Instructions to follow. Restate word for word the lines below from the one that has "FirstLadyNam3's tweet photo." through the one that has "H.E. Obasanjo is", keeping both and dropping all pictures.

Dataset excerpts.
______________________________

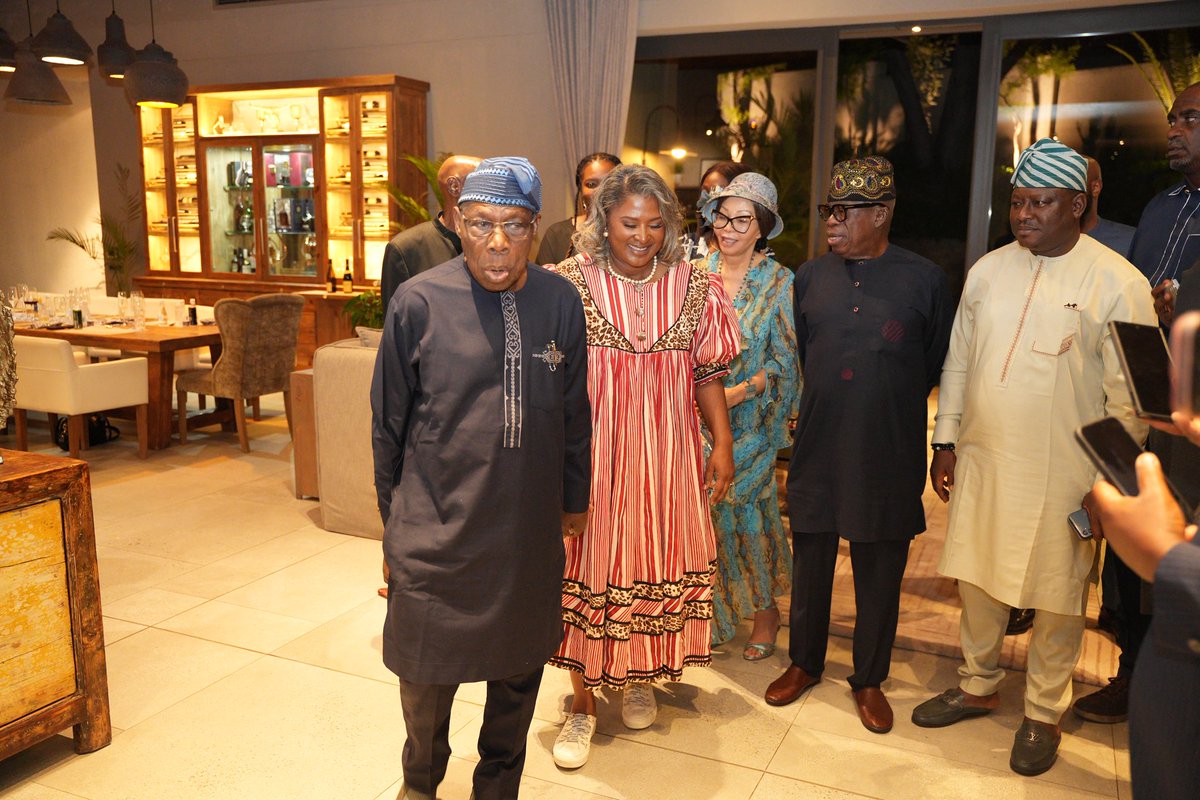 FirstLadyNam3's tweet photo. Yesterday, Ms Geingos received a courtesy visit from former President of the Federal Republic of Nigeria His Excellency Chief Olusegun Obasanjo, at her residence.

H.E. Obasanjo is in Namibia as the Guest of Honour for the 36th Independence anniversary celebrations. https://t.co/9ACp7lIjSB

______________________________

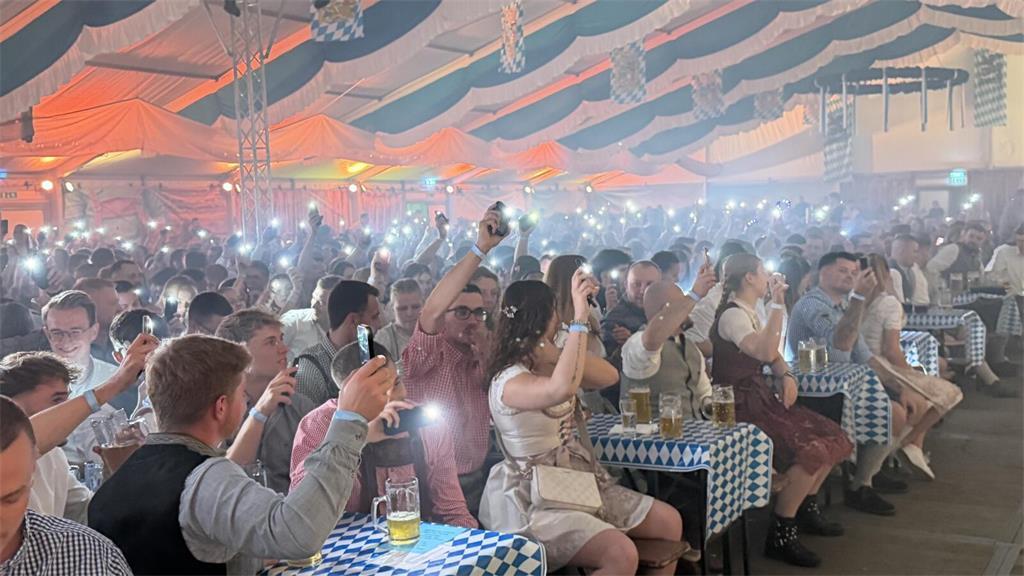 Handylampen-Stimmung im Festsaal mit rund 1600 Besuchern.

______________________________

Task solution.
 FirstLadyNam3's tweet photo. Yesterday, Ms Geingos received a courtesy visit from former President of the Federal Republic of Nigeria His Excellency Chief Olusegun Obasanjo, at her residence.

H.E. Obasanjo is in Namibia as the Guest of Honour for the 36th Independence anniversary celebrations. https://t.co/9ACp7lIjSB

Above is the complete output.